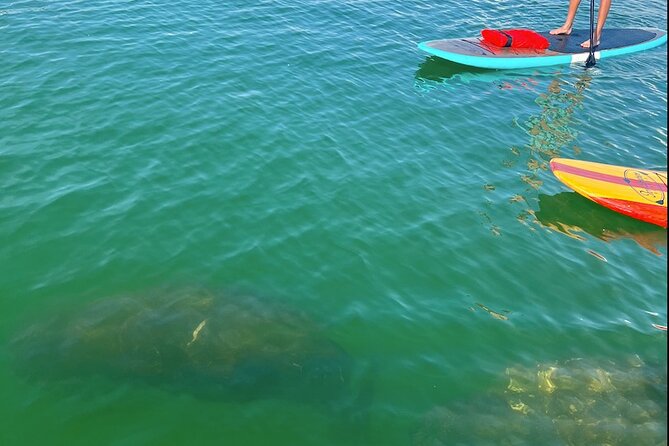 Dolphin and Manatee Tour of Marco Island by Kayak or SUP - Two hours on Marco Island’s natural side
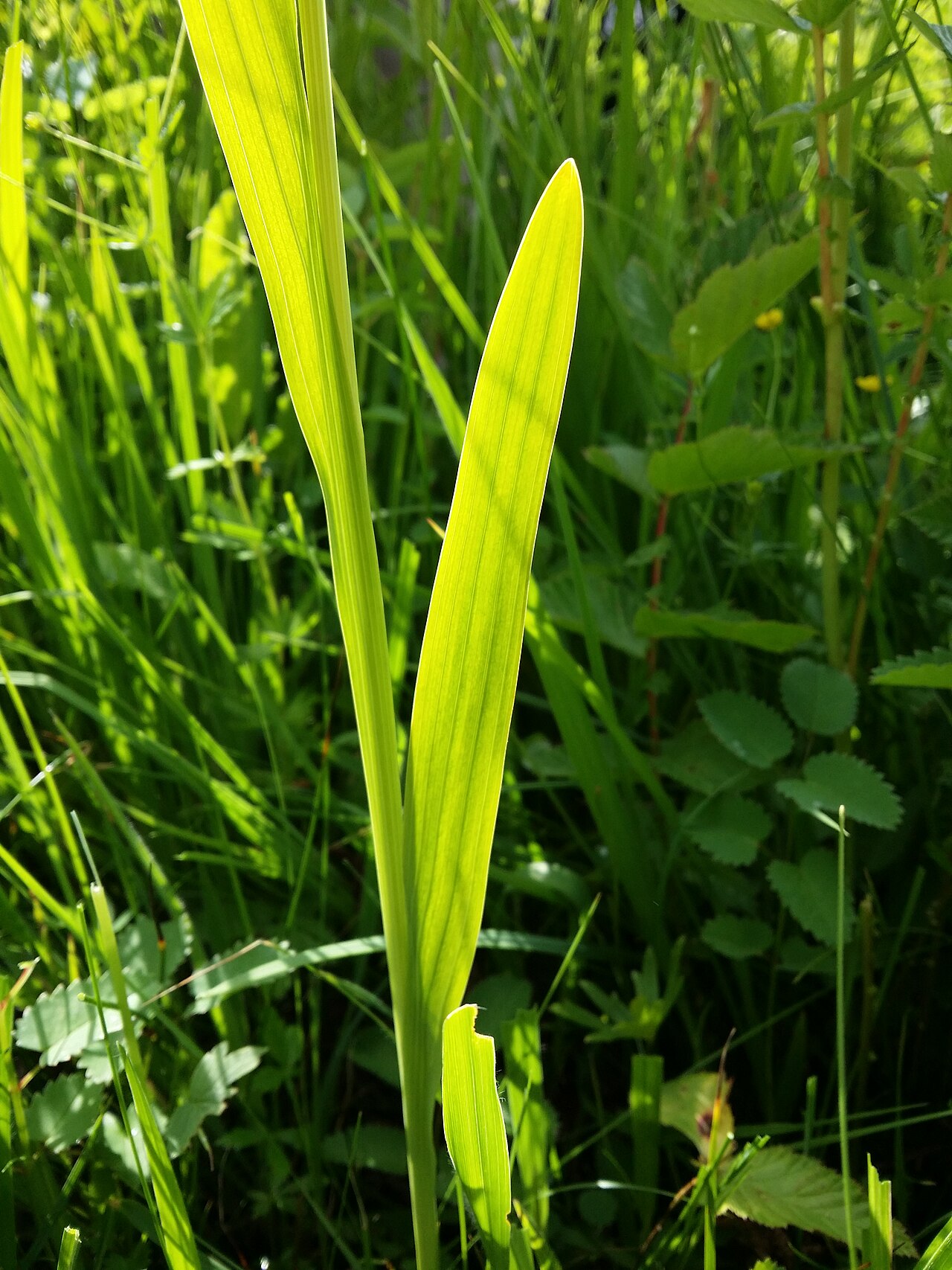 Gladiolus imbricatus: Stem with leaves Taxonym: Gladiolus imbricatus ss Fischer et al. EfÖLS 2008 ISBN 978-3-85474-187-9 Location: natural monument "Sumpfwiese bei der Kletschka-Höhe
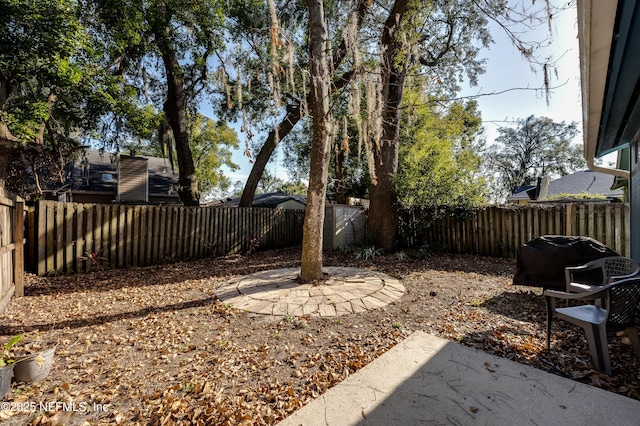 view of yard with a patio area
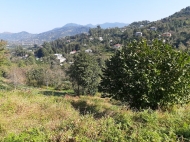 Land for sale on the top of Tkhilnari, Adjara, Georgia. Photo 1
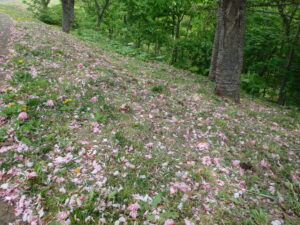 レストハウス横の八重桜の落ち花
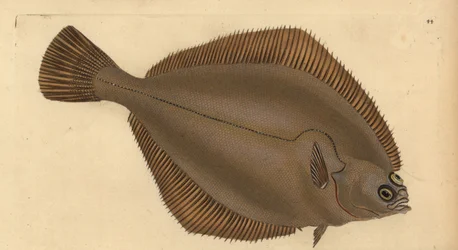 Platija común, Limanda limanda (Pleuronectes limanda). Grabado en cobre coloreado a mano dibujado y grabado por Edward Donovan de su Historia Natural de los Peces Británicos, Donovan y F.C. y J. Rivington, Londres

-----

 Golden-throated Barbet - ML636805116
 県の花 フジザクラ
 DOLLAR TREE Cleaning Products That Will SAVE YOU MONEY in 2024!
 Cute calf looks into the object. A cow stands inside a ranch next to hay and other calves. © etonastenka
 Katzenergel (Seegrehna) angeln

-----

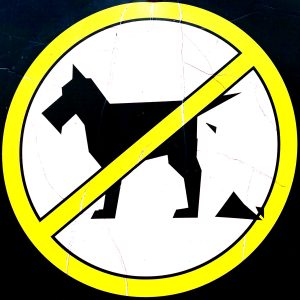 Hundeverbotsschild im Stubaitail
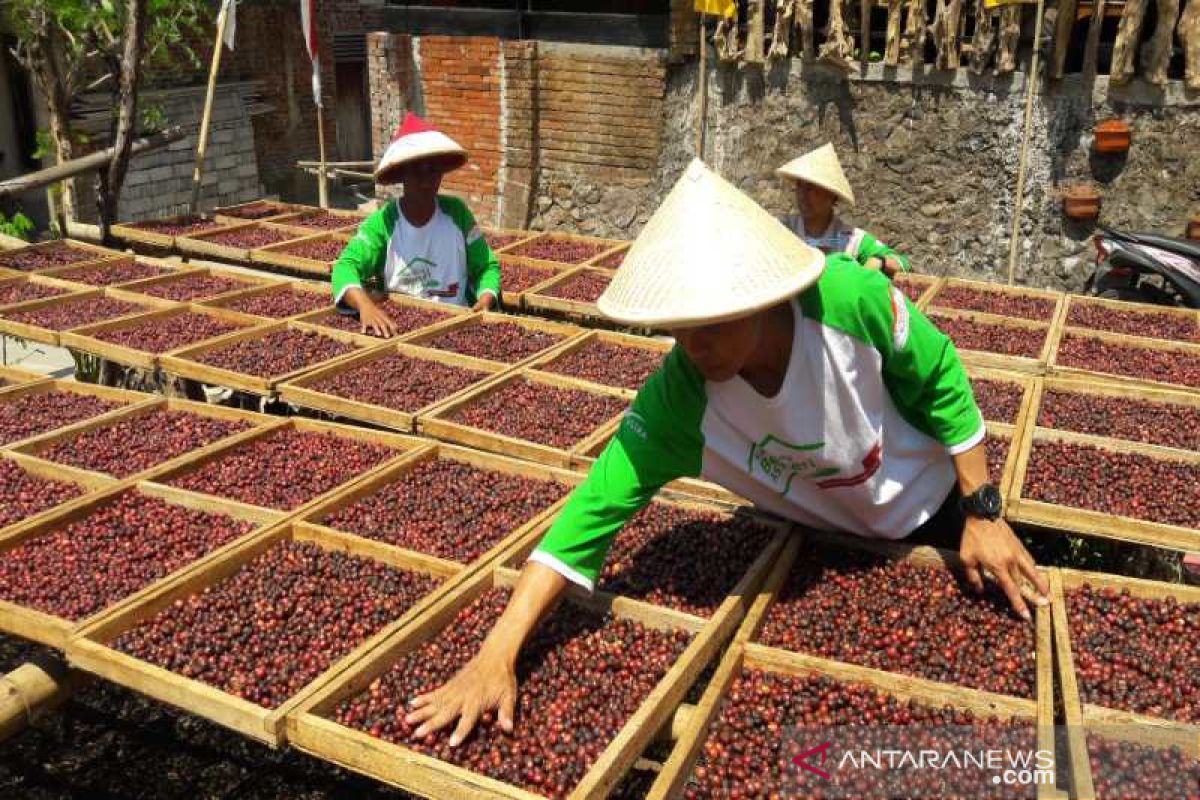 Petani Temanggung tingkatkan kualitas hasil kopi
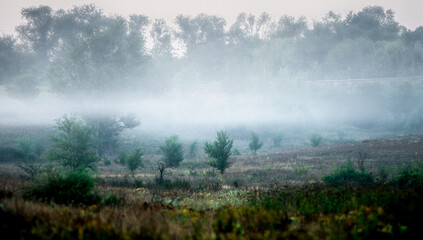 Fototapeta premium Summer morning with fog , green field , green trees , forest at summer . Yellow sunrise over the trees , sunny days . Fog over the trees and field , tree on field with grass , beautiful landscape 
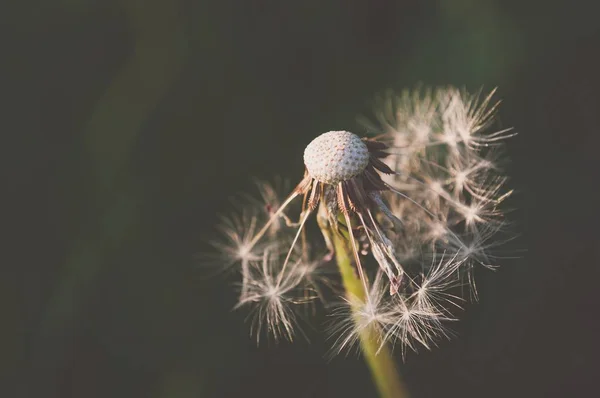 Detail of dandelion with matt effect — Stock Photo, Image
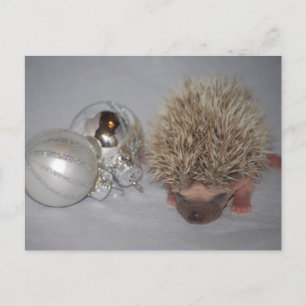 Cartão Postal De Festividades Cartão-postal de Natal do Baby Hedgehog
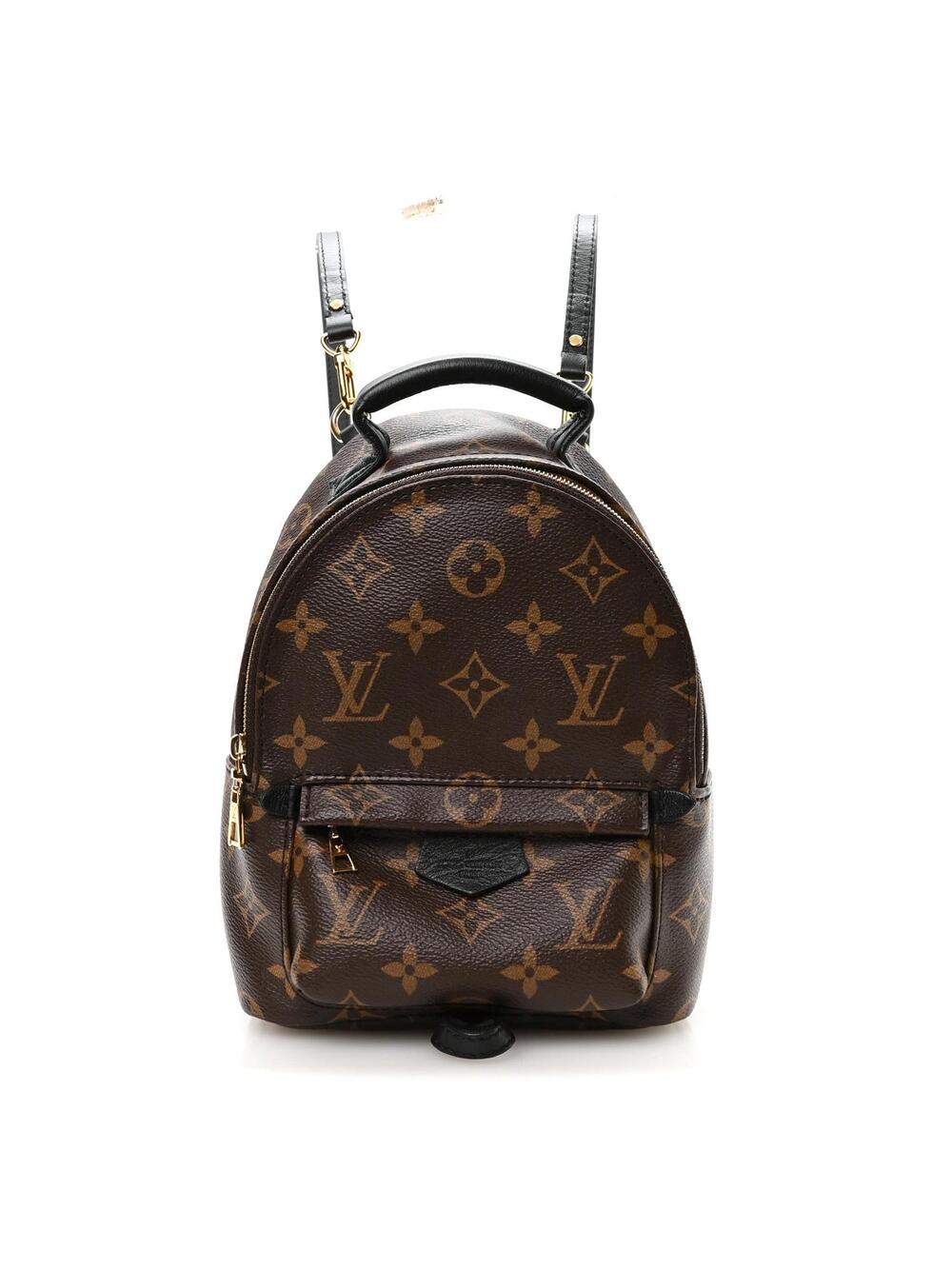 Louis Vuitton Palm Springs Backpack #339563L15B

-----

**About this task**
What you write must match the listing exactly, from the line with "Dolphin and Manatee" up to and including the line with "Platija común, Limanda". Pictures stay out.

**Answer space**
 Dolphin and Manatee Tour of Marco Island by Kayak or SUP - Two hours on Marco Island’s natural side
 Gladiolus imbricatus: Stem with leaves Taxonym: Gladiolus imbricatus ss Fischer et al. EfÖLS 2008 ISBN 978-3-85474-187-9 Location: natural monument "Sumpfwiese bei der Kletschka-Höhe
 view of yard with a patio area
 Land for sale on the top of Tkhilnari, Adjara, Georgia. Photo 1
 レストハウス横の八重桜の落ち花
 Platija común, Limanda limanda (Pleuronectes limanda). Grabado en cobre coloreado a mano dibujado y grabado por Edward Donovan de su Historia Natural de los Peces Británicos, Donovan y F.C. y J. Rivington, Londres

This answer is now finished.